(Image-caption web data)
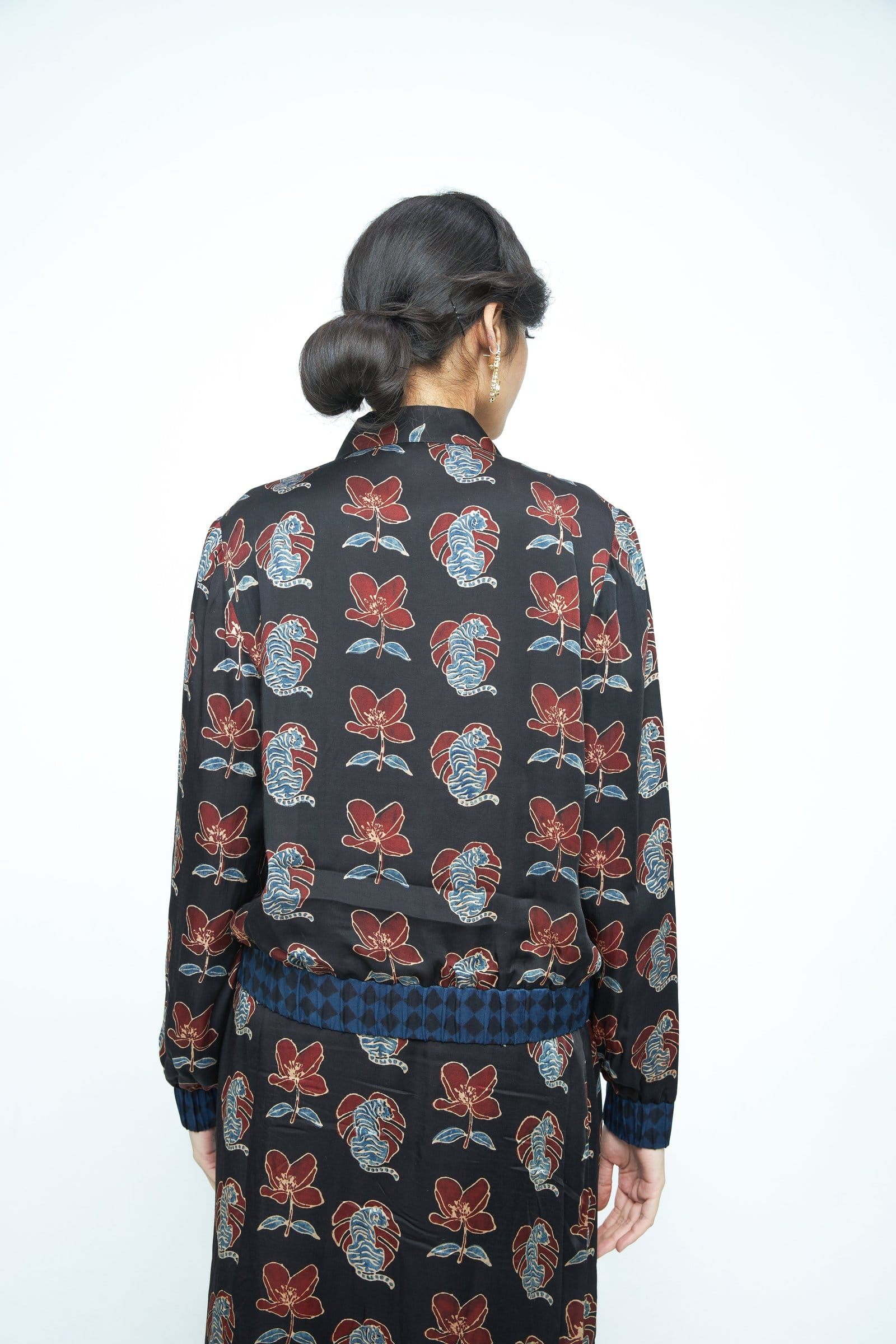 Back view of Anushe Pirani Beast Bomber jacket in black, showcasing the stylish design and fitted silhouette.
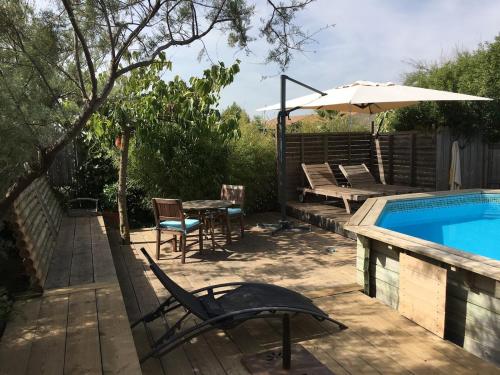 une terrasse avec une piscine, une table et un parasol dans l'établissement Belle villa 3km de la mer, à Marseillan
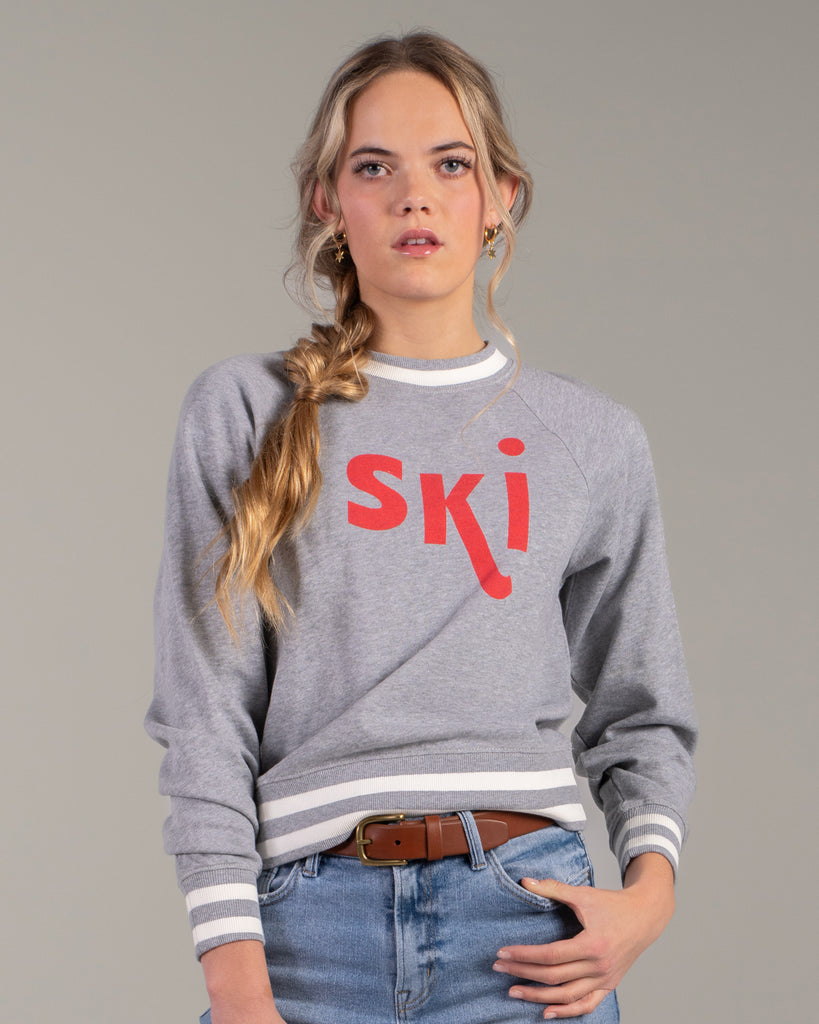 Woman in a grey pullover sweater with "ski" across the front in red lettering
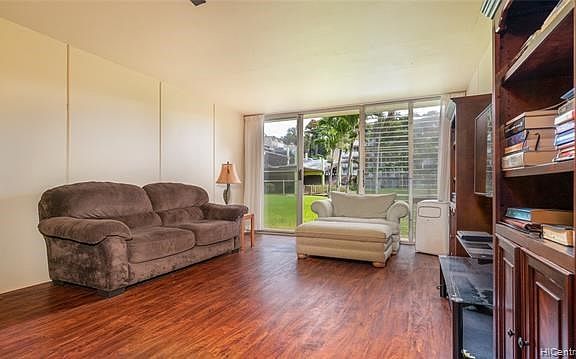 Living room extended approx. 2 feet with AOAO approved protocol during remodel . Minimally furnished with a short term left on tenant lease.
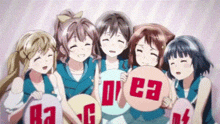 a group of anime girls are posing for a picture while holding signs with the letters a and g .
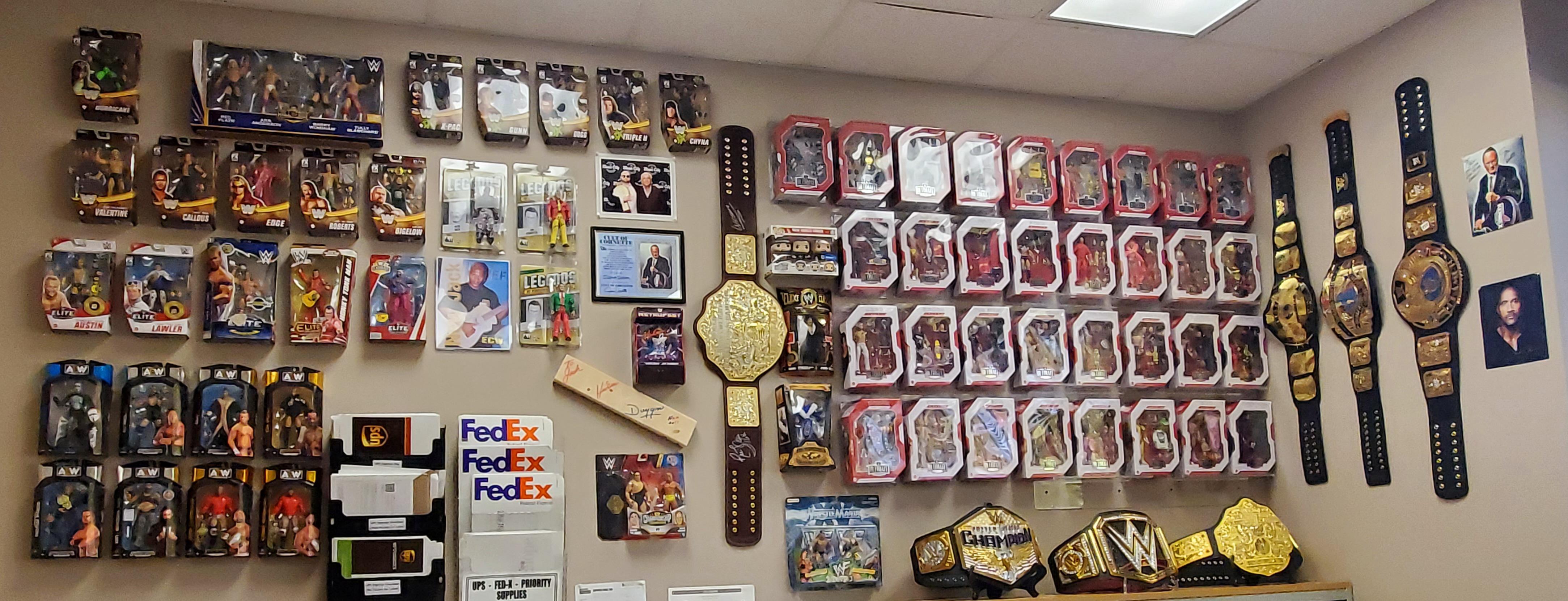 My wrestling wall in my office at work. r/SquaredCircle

TASK PROMPT:
The data above should be repeated exactly, minus any pictures.

EXERCISE RESPONSE:
 Back view of Anushe Pirani Beast Bomber jacket in black, showcasing the stylish design and fitted silhouette.
 une terrasse avec une piscine, une table et un parasol dans l'établissement Belle villa 3km de la mer, à Marseillan
 Woman in a grey pullover sweater with "ski" across the front in red lettering
 Living room extended approx. 2 feet with AOAO approved protocol during remodel . Minimally furnished with a short term left on tenant lease.
 a group of anime girls are posing for a picture while holding signs with the letters a and g .
 My wrestling wall in my office at work. r/SquaredCircle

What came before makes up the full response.